=== Section Start ===

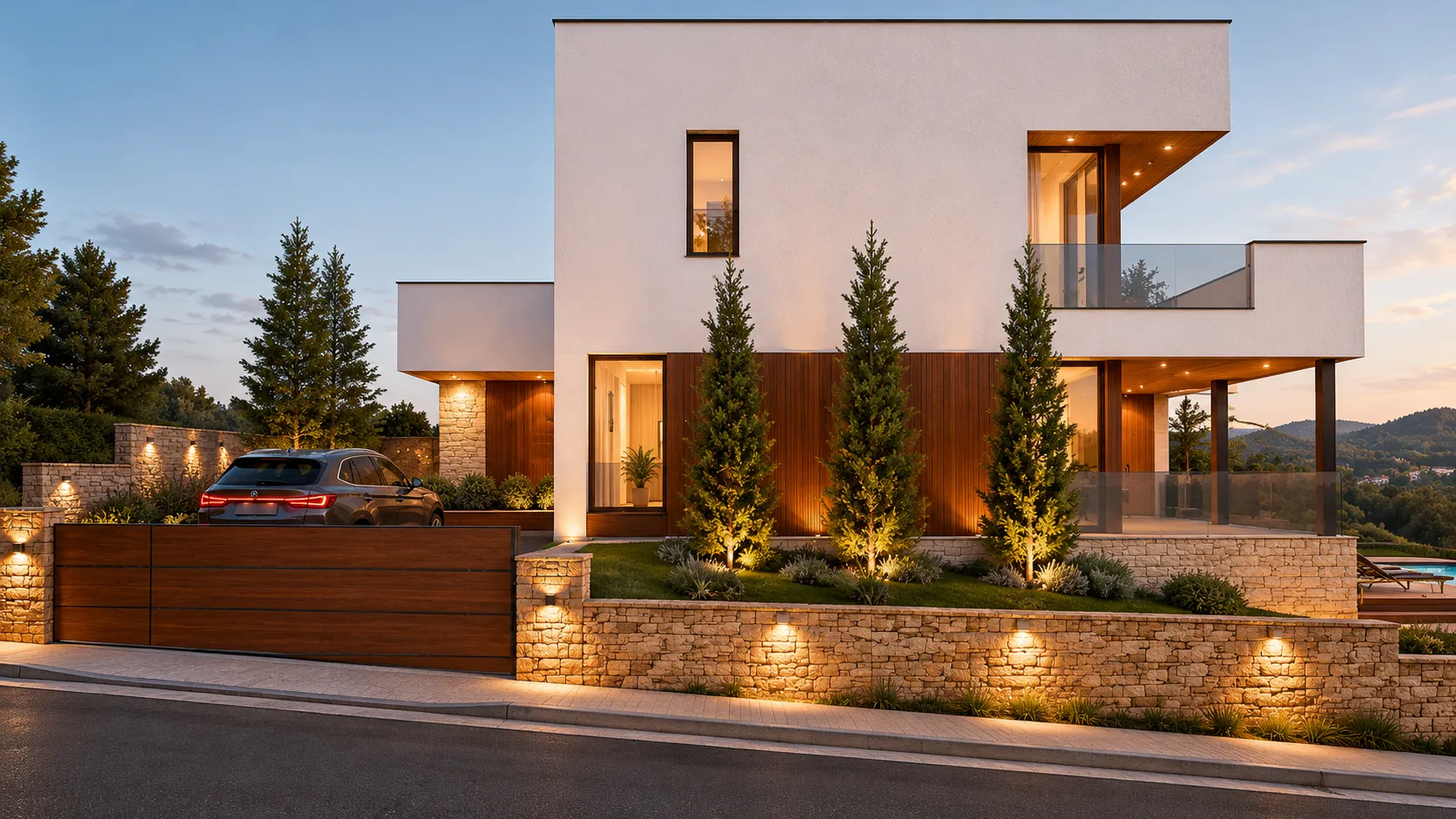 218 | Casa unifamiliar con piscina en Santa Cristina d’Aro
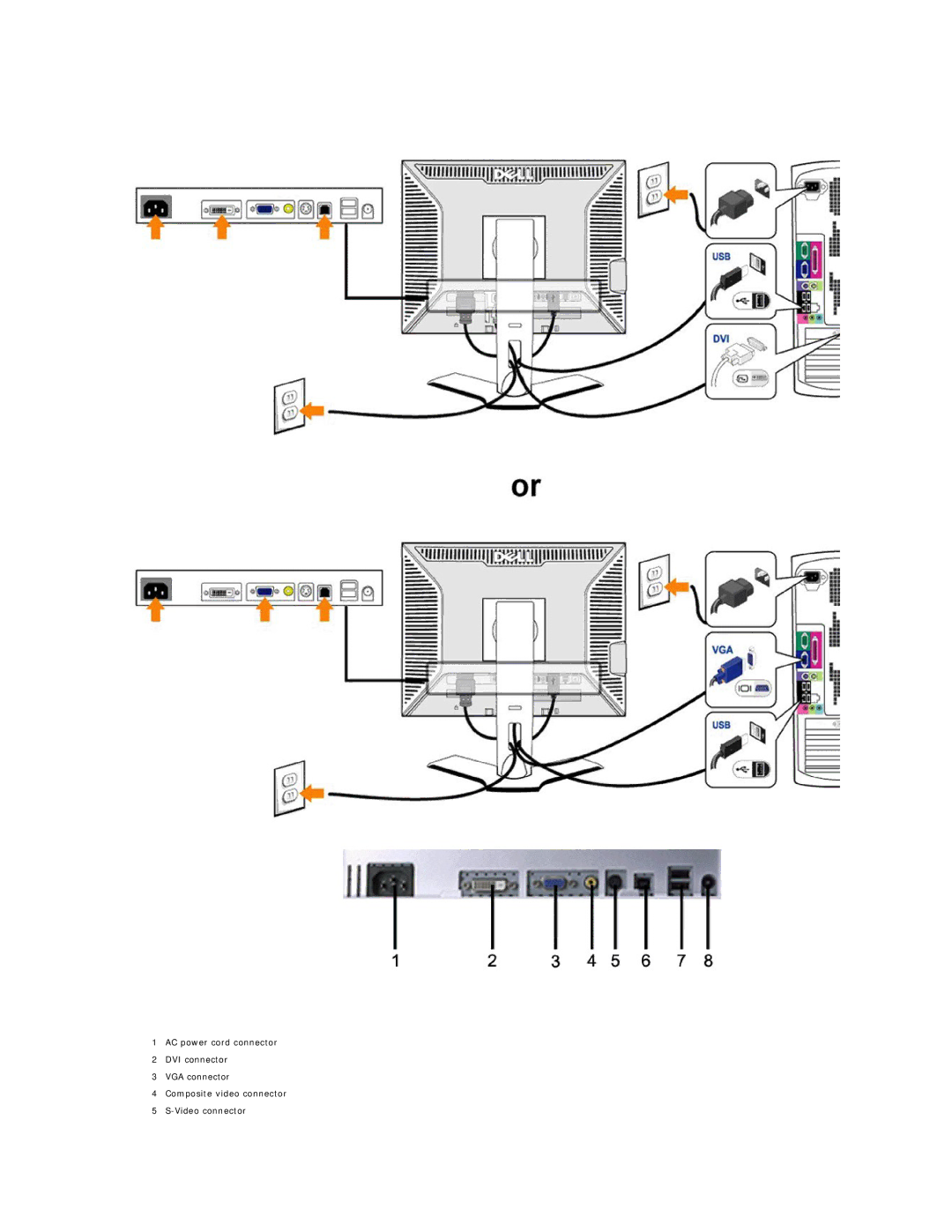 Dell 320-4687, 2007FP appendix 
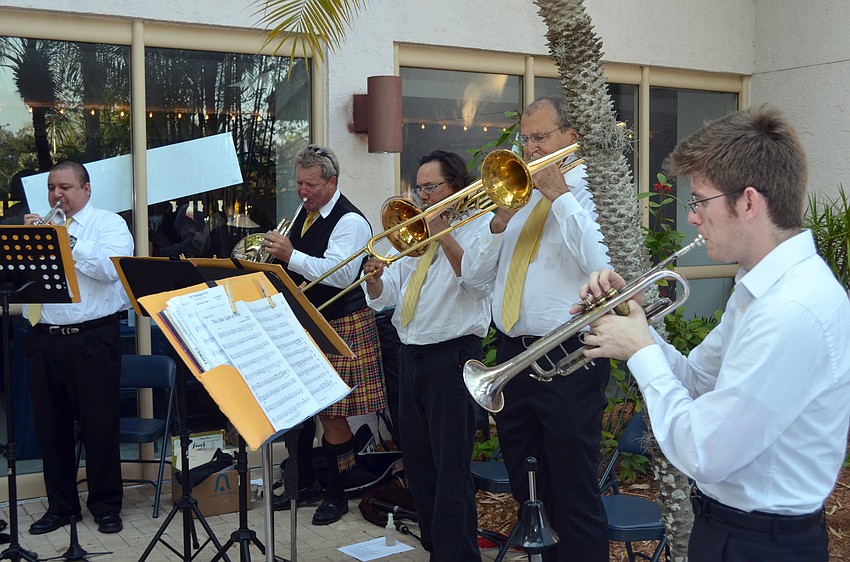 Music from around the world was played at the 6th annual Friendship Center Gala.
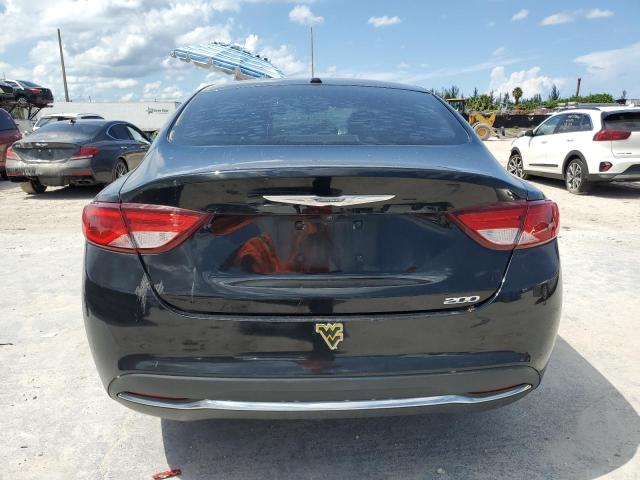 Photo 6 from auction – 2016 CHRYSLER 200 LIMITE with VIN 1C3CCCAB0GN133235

=== Section End ===

PROBLEM DESCRIPTION
Reproduce the material word for word, but without its images.

OUTPUT FOR THIS EXERCISE
 218 | Casa unifamiliar con piscina en Santa Cristina d’Aro
 Dell 320-4687, 2007FP appendix 
 Music from around the world was played at the 6th annual Friendship Center Gala.
 Photo 6 from auction – 2016 CHRYSLER 200 LIMITE with VIN 1C3CCCAB0GN133235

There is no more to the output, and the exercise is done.